In the entries below, the line with "mariusica1@xh's Live XXX Chat" marks the start. Return it and every following line exactly, ending with the last.
---
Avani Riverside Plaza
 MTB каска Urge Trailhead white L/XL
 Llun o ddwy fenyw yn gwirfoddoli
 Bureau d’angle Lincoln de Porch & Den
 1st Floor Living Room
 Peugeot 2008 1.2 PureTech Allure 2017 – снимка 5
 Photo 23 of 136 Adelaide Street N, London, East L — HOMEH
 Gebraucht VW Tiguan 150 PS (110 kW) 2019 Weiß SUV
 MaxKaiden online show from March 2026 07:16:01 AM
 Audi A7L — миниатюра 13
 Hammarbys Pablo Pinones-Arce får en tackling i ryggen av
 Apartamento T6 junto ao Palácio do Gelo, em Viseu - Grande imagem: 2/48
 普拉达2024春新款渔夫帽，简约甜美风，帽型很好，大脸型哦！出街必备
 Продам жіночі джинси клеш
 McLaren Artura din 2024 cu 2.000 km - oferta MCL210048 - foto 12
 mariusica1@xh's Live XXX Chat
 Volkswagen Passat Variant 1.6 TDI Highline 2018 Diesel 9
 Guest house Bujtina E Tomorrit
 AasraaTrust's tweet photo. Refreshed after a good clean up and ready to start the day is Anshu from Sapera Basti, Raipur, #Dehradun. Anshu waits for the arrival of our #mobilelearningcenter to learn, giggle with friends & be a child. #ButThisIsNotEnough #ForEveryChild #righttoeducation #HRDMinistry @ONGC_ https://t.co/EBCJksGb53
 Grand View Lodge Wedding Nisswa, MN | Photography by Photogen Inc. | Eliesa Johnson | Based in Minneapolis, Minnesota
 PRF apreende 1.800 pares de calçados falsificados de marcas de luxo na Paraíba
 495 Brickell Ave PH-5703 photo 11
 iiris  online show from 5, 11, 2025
---
Your response:
 mariusica1@xh's Live XXX Chat
 Volkswagen Passat Variant 1.6 TDI Highline 2018 Diesel 9
 Guest house Bujtina E Tomorrit
 AasraaTrust's tweet photo. Refreshed after a good clean up and ready to start the day is Anshu from Sapera Basti, Raipur, #Dehradun. Anshu waits for the arrival of our #mobilelearningcenter to learn, giggle with friends & be a child. #ButThisIsNotEnough #ForEveryChild #righttoeducation #HRDMinistry @ONGC_ https://t.co/EBCJksGb53
 Grand View Lodge Wedding Nisswa, MN | Photography by Photogen Inc. | Eliesa Johnson | Based in Minneapolis, Minnesota
 PRF apreende 1.800 pares de calçados falsificados de marcas de luxo na Paraíba
 495 Brickell Ave PH-5703 photo 11
 iiris  online show from 5, 11, 2025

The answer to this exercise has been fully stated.